「すべてのサンスカーラを取り除くには、命を引き換える献身がいる」と以前ヨギさんがおっしゃったことがあります。献身とは何か調べてみると(献身とは、身を捧げること。自分の利益をかえりみず尽くすこと)と書かれていました。
何年か前、人を不快にさせることを口にしてしまう人がいて、私の指を見て「爪が半分割れてるね(生まれつき親指の爪が半分しか生えてこないのです)。気持ち悪い」と言いました。人の気持ちを考えず自由奔放に言葉を放つその態度に、激しい怒りが湧いてしばらく嫌な思いが続きました。
その日寝る前にそのことを考えていて、何故あの人はああいう言葉を発したのだろう?言葉の奥に秘められた思いは一体何だったんだろう?と考えました。その人自身の状況を考えてみると、他の人とあまり関わることがない孤独な状況であること、コミュニケーションを取ろうとしたが、素直な性格なためにそのような言葉が出たのだと分かってきました。
自分が不快だったのは、小学生の時クラスの男子に同じようなことを言われてからかわれ、悲しい印象をもったままそのフィルターを通して物事を見ていたからだということに気が付きました。真理をあてがってみると、この肉体は自分ではなくて、神の道具である、本当の私とは一切関係ない。だから何を言われようとも私が傷付く必要はない、そう思えました。

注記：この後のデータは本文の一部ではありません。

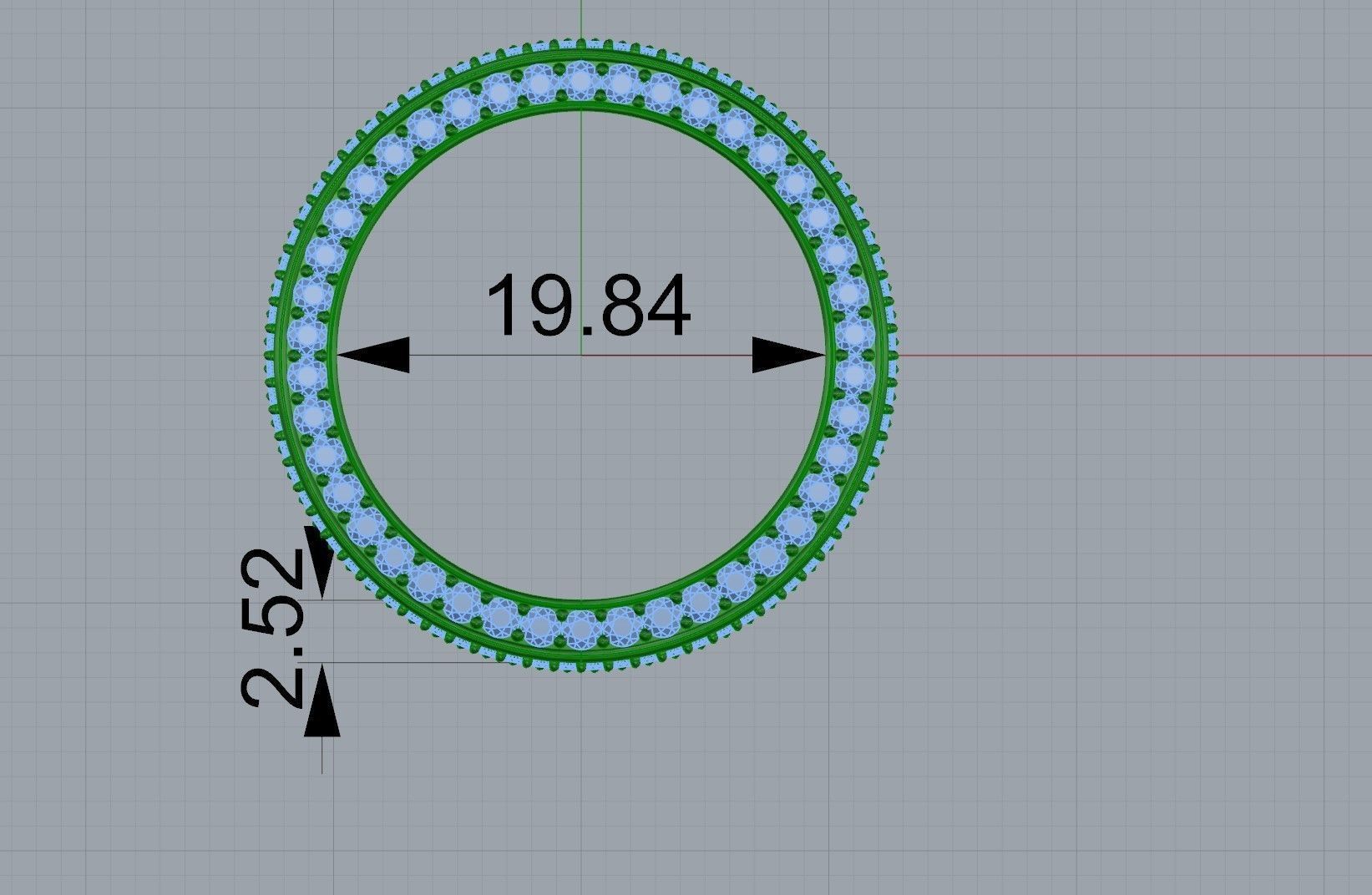 AV Designe 73 3D print model_9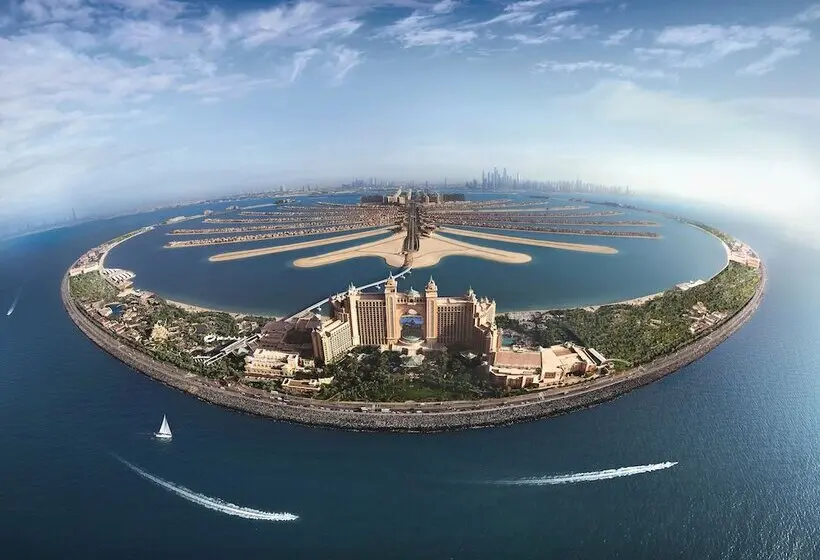 Fotos del hotel Atlantis The Palm, Dubai:  13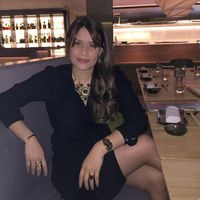 Melissa Suárez's Photo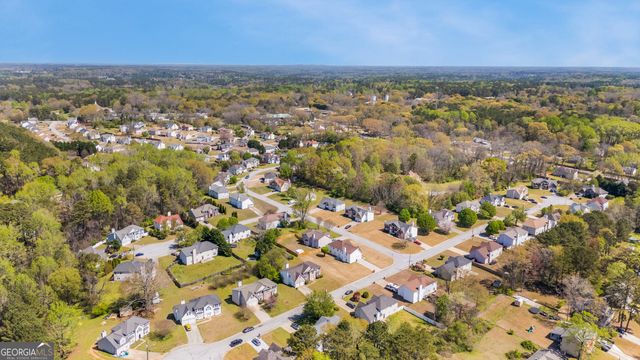 5944 Duren Meadows Drive, Lithonia, GA 30058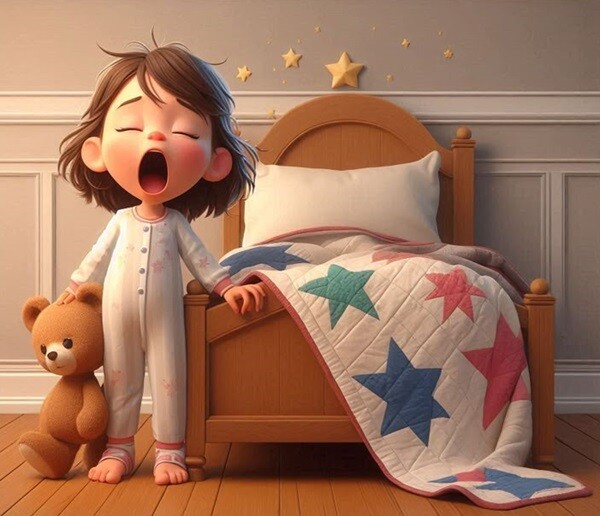 BS Nhi khoa tiết lộ, trẻ em thông minh bẩm sinh có 4 đặc điểm hơn người - 7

次の日からその人と話す機会があると、この身すべてを差し出す覚悟で向かい合いました。その人の語る思いに集中していくよう毎回努めていると、いつの間にかその人の気持ちがよく理解できるようになり、自然に本音を言ってもらえるような、そんな関係が築けるようになっていきました。
それから何年か経ち、爪のことを言った人がまた同じこと(爪のこと)を言いました。けれどそこには以前感じた嫌悪感はありませんでした。その人の性格が分かってきたことに加え、肉体をただの物質と見なしている自分がいました。「爪は生まれつきやけど、あんまりない形で格好いいやろう?」と冗談を言う余裕さえありました。
後で振り返って、こういう機会がなかったら私は自らの肉体を物質として扱っただろうか?と考えました。心が反応して逃げ出したくなるときこそ、サンスカーラを取り除くチャンス。どこにいても喜びだけを感じる自分になるまで、取り組んでいこうと思います。